# HELP! Am in need of TWO Premiere Images.. TCD748000 & TCD746320



## junk101 (May 26, 2014)

Hi.. I am in need of two images..please. I am replacing the hard drives and power supplies in both units. 

1. TCD748000 TiVo Premiere XL Series4 HD DVR
2. TCD746320 TiVo Premiere Series4 HD DVR

Also, is there a preferred size/brand HD to purchase?

Any help would be much obliged 
Melinda


----------



## ggieseke (May 30, 2008)

PM sent.

Drives AND power supplies in BOTH units?  What happened?

Most people use Western Digital "AV" drives, which are the WDxxEURS or WDxxEURX series. That's what TiVo uses unless they run out. 2TB is probably the best bang for the buck these days and you can use jmfs to expand into the additional space after using DvrBARS to restore the images.
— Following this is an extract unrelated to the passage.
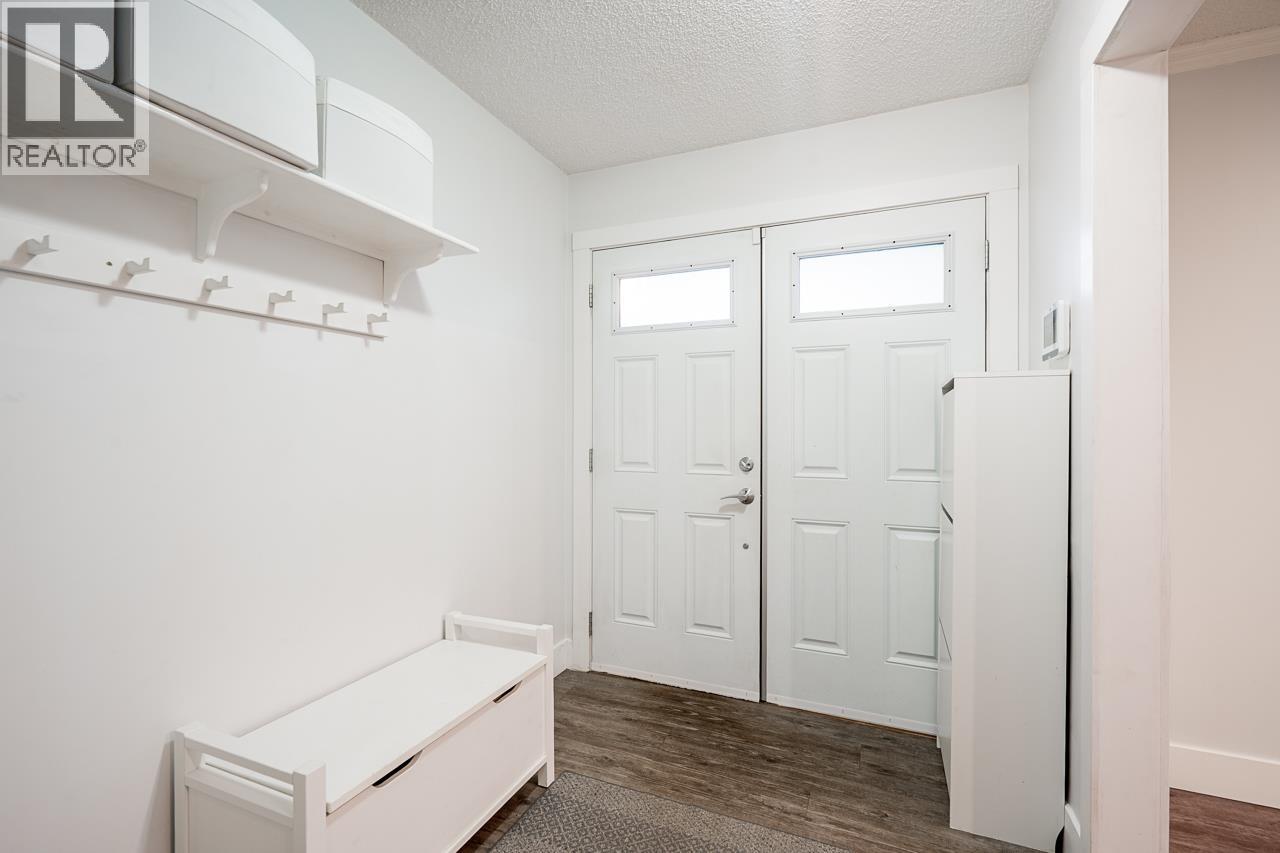 1668 Connaught Drive, Port Coquitlam, British Columbia  V3C 4G8 - Photo 4 - R3112051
See the Upgrade forum for both tools and a lot more info.


----------



## 6tgunner (Sep 30, 2014)

Is there a clean TCD746320 image available to build a replacement drive located here still? TIA


----------



## ggieseke (May 30, 2008)

6tgunner said:


> Is there a clean TCD746320 image available to build a replacement drive located here still? TIA


PM sent.


----------



## kermitman2300 (Oct 23, 2014)

I am also looking for a TCD746320 image. Greatly appreciated in advance.


----------



## bttfpromo (Nov 24, 2014)

I also need an image for a TCD746320 please.


----------



## sangahm (Nov 28, 2010)

bttfpromo said:


> I also need an image for a TCD746320 please.


I would also like to get an image if I could get one.


----------



## blankscrew (Nov 30, 2014)

I also need an image for a TCD748000.


----------



## um3k (May 3, 2005)

I am in need of an image for an XL4 TCD758250. TIA


----------



## um3k (May 3, 2005)

I don't have the posts to reply via PM, but thanks for the help!


----------



## godospoons (Sep 8, 2007)

I could also use an image for a TCD748000. Thanks.


----------



## jojo417 (Jan 23, 2015)

I also need an image for a TCD746320 please.


----------



## ggieseke (May 30, 2008)

jojo417 said:


> I also need an image for a TCD746320 please.


PM sent.


----------



## ggieseke (May 30, 2008)

For future reference, PLEASE find the "image begging" thread in the Upgrade forum and post your requests there.

I've said this before but I'll make it even clearer.

A. I will not continue to monitor every thread on every forum.

B. Not one person has contributed to the DvrBARS fund in the last 8-10 months, so it will be shut down next April anyway. No more Premiere images.


----------



## rwbatten (May 25, 2015)

HELP... been searching for a couple of months now for a backup image for a TIVO Series 4 TCD746320
seen one post with someone saying there is no image for a Series 4 however that was quite a few years ago. looked on emule too with no luck.
any help from anyone would be greatfully appreciated. the hard drive started clicking and clacking so its gone. got replacement drive just no image to load.
Thanks in Advance folks


----------



## ggieseke (May 30, 2008)

rwbatten said:


> HELP... been searching for a couple of months now for a backup image for a TIVO Series 4 TCD746320
> seen one post with someone saying there is no image for a Series 4 however that was quite a few years ago. looked on emule too with no luck.
> any help from anyone would be greatfully appreciated. the hard drive started clicking and clacking so its gone. got replacement drive just no image to load.
> Thanks in Advance folks


Check your private messages for a link to the image. See the DvrBARS thread in the Upgrade forum for the software. Premiere images were considered impossible until a few years ago, so there's still some lingering confusion on that point.

Happy Memorial Day.


----------



## Jason Yetman (Jul 28, 2018)

*Help I need a image for a TCD746320 *


----------



## ggieseke (May 30, 2008)

Sent.


----------



## JoeKustra (Dec 7, 2012)

ggieseke said:


> Sent.


Is Tivo box a brick without paying for a subscription?

No good deed goes unpunished.


----------